We have partnered with Robin Village of Singapore, who are providing us the technical engineering and supervision support for the precast systems that are being implemented. This will allow us to get our quality right and create the kind of product that is being created in Singapore, which probably is a very high-end development and is something that we can all be certain of.
Our major infrastructure and housing developments will continue to increase the pressure on labor and execution capacity. Therefore, by entering into construction in a controlled factory environment, precast will enable better quality, faster execution, superior finishing consistency and mostly reduce the material wastage by almost 30%, lower the workman requirement by 40% by increasing the machine requirement and will have almost 1.5x greater precision and durability. And like I said, with markets like Singapore and Japan already adopting precast construction at scale, we will bring these global best practices into our development.
On the ESG front, we've always been proud of our milestones and with clear targets of 100% green certified portfolio by 2030, we want to say that we are in the top 10 GRESB rating and full transition towards a green certified critical building materials by 2035 is on our charts. We have 22% women participants in the workforce by 2029. Rustomjee Crescent has been recently awarded the IGBC Gold precertification and the Belle Vue Kasara project has been given the IGBC Net Zero Carbon Design Award.

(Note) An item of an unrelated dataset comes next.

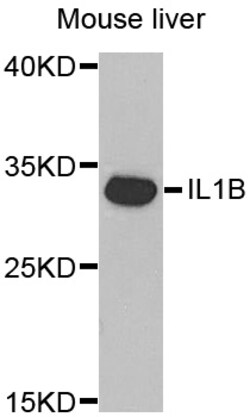 ABclonal Technology IL1B Polyclonal Antibody, 100UL, Validated in:WB, IF,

Reflecting our people-first philosophy, we are developing further labor accommodation at Balmoral, Rustomjee Balmoral in Chembur, which will house about 500-plus workers in ventilated rooms following the Apne Ghar model at Rustomjee Urbania. Beyond compliance, the facility ensures safe living, organized cooking, sanitation and life safety features, reinforcing our belief that our workforce deserves to be well taken care of and our productivity, our efficiency, our sustainability and long-term growth depends on them. And we will create greater value for all our stakeholders by taking care of everyone that works with us.

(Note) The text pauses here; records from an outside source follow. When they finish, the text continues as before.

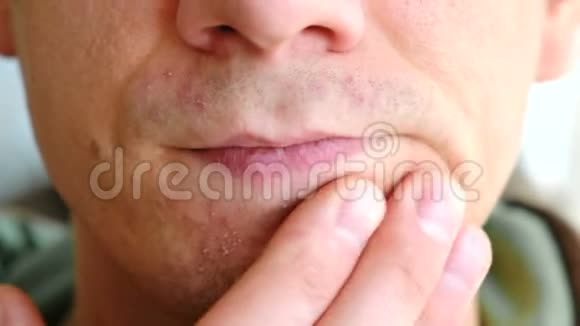 剃须后皮肤刺激男人抓着胳膊在下巴上疙瘩鼻子嘴唇和下巴的特写视频的预览图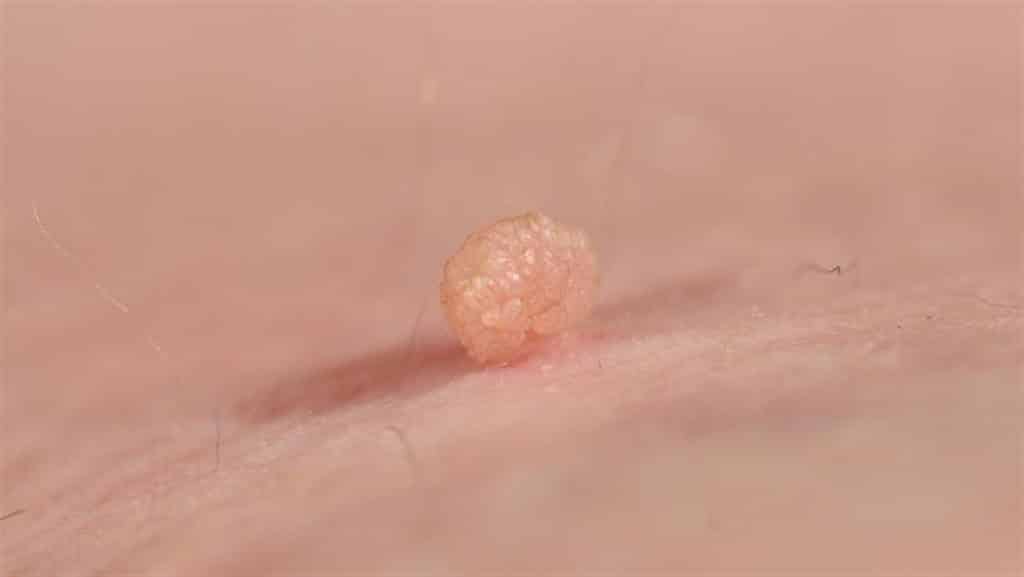 الفرق بين الزوائد الجلدية والثاليل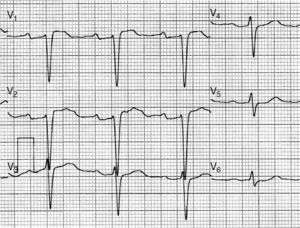 ECG performed during the second flecainide test following discontinuation of lamotrigine, with leads V1 and V2 over the second intercostal space after administration of flecainide – negative for type 1 Brugada pattern.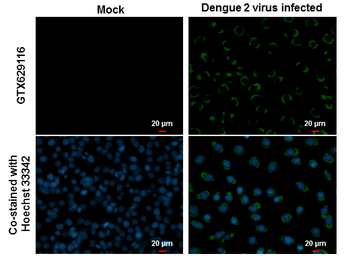 Dengue virus Envelope protein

On the financial performance, our revenue from operations in Q4 FY '26 stood at INR1,596 crores and for FY '26 at INR2,635 crores. Our OCF stands at INR715 crores. In this context, I'd like to highlight our transition in the accounting policy from project completion method to percentage of completion, which is the POCM method, a change that will allow all our financial statements to truly and transparently reflect upon the revenue and margins being earned in real time.
This transition, combined with the fact that the legacy low-margin project overhang, which has historically weighed us down is largely behind us now, marks a genuine turning point for us at Keystone Realtors. As our new high-margin pipeline matures and revenue recognition begins to flow through on a progressive basis, our financial performance will increasingly mirror the operational execution strength we have been steadily building over the last 3 years.
Page 5 of 17
Rustomjee
Keystone Realtors Limited
May 12, 2026
Our construction spend has accelerated from INR829 crores in FY '25 to INR997 crores, that's almost INR1,000 crores in FY '26. This reflects our commitment to deliver velocity. As of 31st March '26, our gross debt stood at INR755 crores with a gross debt-to-equity ratio being 0.26:1, which is very comfortably within the guidance.
We ended the year with free cash of about INR818 crores. I'm delighted to share the company's Fed rating like I've already mentioned, by Crisil ratings have awarded us a rating of AA- with a stable outlook. This is a clear market endorsement of our financial profile, our project pipelines, our capital allocation discipline and this is one of the most objective external validation of the journey that we've been on.
To close, I want to say we delivered in FY '24, '25, '26, and we stand here today with complete conviction that we will deliver in FY '27, '28, '29 and reach our target of INR10,000 crores presales by FY '30. At Rustomjee, we have built homes, we have built trust, we have built communities and we have built futures. We intend to keep doing exactly that only this time faster, better and bigger than ever before. The best of Rustomjee is ahead of us. I look forward to sharing this journey with each one of you for the long run. Thank you for your trust, your partnership and your continued confidence in us.
I look forward to your questions now. Thank you.
Moderator:
Thank you very much. Our first question comes from the line of Rushabh Shah with BugleRock PMS. Please go ahead.
Rushabh Shah:
In Slide number 30, the sold receivables in all the residential categories is significantly lower than the cost to complete. Could you explain me how do you generally go about selling your projects? Which projects do you have higher IRRs, although we have a huge amount of unsold inventory left in all the residential categories?
Boman Irani:
Rushabh, thanks for that. I'll let Sajal take this query.
Sajal Gupta:
Yes, Rushabh, thank you. I think you will have to appreciate that we have had a huge pipeline of the launches last year. Our launches have been close to about INR10,000 crores. So when we speak of about INR12,000 crores of the unsold goods, which is there, a good portion of that, almost about INR8,000 crores is out of the launches which has been done in the last year.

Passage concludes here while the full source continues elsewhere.